Caratteristica della letteratura romantica, questa tipologia femminile la si può
certamente scorgere nel personaggio di Lucia dei Promessi Sposi manzoniani.
Il personaggio di Lucia viene introdotto da Alessandro Manzoni nel II capitolo
dell’opera. La sua presentazione è quasi tutta in termini spirituali; la sua età non
viene rivelata, ma si intuisce che Lucia è nel fiore degli anni (i neri e giovanili
capelli).

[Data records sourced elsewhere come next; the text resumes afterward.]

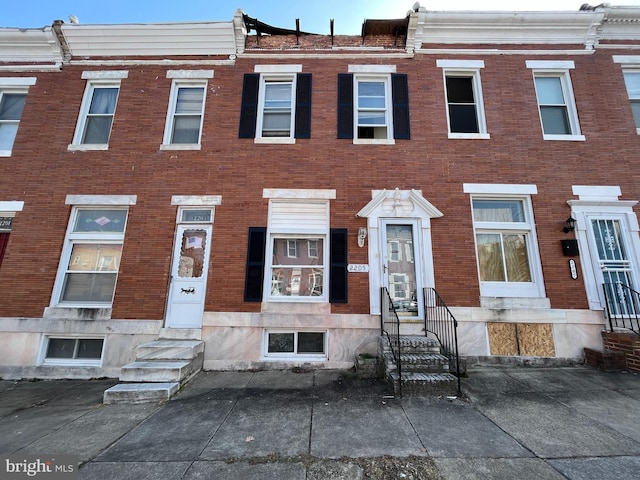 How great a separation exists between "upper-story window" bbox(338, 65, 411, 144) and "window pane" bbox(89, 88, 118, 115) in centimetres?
607

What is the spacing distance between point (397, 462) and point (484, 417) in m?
1.79

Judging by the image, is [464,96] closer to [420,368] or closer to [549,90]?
[549,90]

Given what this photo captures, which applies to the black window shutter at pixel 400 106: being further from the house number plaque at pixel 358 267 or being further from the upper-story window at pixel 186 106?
the upper-story window at pixel 186 106

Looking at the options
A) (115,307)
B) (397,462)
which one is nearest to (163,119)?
(115,307)

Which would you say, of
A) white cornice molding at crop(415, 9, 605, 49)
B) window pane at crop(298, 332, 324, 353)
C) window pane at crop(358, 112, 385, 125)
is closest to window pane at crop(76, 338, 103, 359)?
window pane at crop(298, 332, 324, 353)

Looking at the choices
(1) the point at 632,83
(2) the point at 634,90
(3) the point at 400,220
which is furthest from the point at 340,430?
(1) the point at 632,83

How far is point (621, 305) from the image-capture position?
6195mm

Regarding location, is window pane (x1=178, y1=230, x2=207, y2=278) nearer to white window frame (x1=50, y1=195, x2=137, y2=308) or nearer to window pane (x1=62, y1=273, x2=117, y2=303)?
white window frame (x1=50, y1=195, x2=137, y2=308)

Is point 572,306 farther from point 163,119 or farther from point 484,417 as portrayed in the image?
point 163,119

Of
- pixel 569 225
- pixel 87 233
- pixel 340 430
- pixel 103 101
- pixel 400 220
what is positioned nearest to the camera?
pixel 340 430

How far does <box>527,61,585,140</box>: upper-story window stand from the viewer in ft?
24.1

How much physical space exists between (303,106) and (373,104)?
1.86m

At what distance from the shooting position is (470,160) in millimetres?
7023

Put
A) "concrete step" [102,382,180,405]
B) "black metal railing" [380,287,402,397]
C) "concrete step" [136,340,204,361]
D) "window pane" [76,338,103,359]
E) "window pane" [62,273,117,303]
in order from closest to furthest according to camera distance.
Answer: "concrete step" [102,382,180,405] → "concrete step" [136,340,204,361] → "black metal railing" [380,287,402,397] → "window pane" [76,338,103,359] → "window pane" [62,273,117,303]
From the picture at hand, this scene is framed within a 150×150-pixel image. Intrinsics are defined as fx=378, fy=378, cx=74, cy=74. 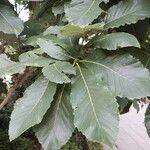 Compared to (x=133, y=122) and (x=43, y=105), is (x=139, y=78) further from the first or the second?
(x=133, y=122)

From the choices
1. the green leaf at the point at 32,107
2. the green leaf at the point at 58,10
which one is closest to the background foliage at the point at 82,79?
the green leaf at the point at 32,107

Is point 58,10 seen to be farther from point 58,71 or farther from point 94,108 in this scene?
point 94,108

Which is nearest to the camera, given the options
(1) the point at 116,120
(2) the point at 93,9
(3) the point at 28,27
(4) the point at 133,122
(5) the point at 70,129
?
(1) the point at 116,120

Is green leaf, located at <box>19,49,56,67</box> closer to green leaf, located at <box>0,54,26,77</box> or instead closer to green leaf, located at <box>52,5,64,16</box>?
green leaf, located at <box>0,54,26,77</box>

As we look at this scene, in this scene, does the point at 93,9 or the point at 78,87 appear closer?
the point at 78,87

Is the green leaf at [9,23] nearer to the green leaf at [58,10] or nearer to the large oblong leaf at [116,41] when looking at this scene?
the green leaf at [58,10]

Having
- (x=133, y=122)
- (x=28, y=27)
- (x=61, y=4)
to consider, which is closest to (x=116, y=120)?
(x=61, y=4) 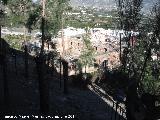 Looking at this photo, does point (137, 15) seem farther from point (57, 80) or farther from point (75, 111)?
point (75, 111)

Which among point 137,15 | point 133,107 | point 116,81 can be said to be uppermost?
point 137,15

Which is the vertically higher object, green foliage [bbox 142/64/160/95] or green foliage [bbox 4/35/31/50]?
green foliage [bbox 4/35/31/50]

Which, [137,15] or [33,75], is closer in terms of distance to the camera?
[33,75]

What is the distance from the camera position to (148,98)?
13.4m

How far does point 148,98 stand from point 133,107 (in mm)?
616

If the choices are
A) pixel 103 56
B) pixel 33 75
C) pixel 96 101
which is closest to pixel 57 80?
Answer: pixel 33 75

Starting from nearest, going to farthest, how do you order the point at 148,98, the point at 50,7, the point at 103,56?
the point at 148,98
the point at 50,7
the point at 103,56

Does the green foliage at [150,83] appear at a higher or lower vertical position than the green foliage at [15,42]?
lower

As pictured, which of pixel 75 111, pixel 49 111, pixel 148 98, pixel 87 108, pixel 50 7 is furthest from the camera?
pixel 50 7

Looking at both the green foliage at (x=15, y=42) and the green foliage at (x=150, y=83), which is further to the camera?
the green foliage at (x=15, y=42)

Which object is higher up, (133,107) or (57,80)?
(133,107)

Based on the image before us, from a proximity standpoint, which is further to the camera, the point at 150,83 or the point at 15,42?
the point at 15,42

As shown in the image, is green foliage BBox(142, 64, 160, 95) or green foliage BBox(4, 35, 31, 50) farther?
green foliage BBox(4, 35, 31, 50)

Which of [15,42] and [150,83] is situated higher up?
[15,42] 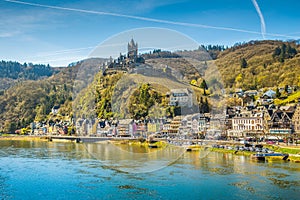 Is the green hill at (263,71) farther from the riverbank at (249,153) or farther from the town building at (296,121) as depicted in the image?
the riverbank at (249,153)

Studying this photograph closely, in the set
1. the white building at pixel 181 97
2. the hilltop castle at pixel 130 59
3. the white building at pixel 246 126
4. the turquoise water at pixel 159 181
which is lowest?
the turquoise water at pixel 159 181

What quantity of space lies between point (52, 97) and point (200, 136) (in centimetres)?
3608

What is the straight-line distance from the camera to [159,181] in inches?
378

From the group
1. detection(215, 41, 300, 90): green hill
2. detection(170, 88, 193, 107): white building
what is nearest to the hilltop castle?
detection(170, 88, 193, 107): white building

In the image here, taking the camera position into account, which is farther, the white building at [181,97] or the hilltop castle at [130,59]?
the white building at [181,97]

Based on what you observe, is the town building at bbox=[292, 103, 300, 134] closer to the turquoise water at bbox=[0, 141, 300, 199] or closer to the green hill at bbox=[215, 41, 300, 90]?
the turquoise water at bbox=[0, 141, 300, 199]

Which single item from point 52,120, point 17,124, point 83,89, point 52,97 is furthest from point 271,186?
point 52,97

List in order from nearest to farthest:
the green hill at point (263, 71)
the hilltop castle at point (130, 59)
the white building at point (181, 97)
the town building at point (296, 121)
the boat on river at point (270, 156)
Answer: the hilltop castle at point (130, 59) < the white building at point (181, 97) < the boat on river at point (270, 156) < the town building at point (296, 121) < the green hill at point (263, 71)

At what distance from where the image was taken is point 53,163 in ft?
45.1

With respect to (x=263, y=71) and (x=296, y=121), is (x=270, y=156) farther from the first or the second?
(x=263, y=71)

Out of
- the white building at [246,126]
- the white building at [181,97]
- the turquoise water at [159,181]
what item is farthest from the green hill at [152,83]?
the white building at [246,126]

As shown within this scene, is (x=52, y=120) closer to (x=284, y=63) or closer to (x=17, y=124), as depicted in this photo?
(x=17, y=124)

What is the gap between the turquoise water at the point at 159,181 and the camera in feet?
27.7

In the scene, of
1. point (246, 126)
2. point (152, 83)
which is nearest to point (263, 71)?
point (246, 126) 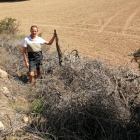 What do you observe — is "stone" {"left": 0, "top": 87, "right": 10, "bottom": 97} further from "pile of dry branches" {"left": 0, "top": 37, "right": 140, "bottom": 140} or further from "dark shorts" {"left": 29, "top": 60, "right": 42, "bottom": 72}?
"dark shorts" {"left": 29, "top": 60, "right": 42, "bottom": 72}

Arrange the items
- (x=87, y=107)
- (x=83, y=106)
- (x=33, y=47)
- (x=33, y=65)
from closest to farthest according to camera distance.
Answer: (x=87, y=107)
(x=83, y=106)
(x=33, y=47)
(x=33, y=65)

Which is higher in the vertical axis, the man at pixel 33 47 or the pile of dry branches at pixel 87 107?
the man at pixel 33 47

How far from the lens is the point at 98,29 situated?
1098 cm

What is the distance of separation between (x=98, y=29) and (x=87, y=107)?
8.88m

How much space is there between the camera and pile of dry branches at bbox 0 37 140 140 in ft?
8.91

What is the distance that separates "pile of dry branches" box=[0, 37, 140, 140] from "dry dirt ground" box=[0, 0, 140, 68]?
6.18 ft

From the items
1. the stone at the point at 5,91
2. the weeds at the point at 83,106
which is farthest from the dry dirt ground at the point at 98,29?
the stone at the point at 5,91

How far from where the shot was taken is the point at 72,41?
9180 mm

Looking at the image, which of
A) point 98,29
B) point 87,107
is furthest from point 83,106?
point 98,29

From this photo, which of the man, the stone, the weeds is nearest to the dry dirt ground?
the man

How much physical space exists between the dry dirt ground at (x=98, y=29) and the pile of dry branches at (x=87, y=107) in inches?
74.2

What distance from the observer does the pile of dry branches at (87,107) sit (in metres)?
2.71

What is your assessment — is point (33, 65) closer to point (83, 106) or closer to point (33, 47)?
point (33, 47)

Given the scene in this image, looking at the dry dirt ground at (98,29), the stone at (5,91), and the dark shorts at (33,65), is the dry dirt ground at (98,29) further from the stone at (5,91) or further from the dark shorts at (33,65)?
the stone at (5,91)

La sua modesta bellezza, che trae il proprio fascino dal suo volersi
nascondere, pur non avendo nulla di eccezionale, trasmette al lettore un effetto di
singolare freschezza («...lunghi e neri sopraccigli... Lucia aveva quello
[l’ornamento] quotidiano di una modesta bellezza... rilevata allora e accresciuta
dalle varie affezioni che le si dipingevan sul viso: una gioia temperata da un
turbamento leggiero, quel placido accoramento che si mostra di quand’in quando
sul volto delle spose, e, senza scompor la bellezza, le dà un carattere particolare...»)
e nello stesso tempo la concretezza fisica di una sana e ritrosa robustezza («...la
modestia un po’ genuina delle contadine...»).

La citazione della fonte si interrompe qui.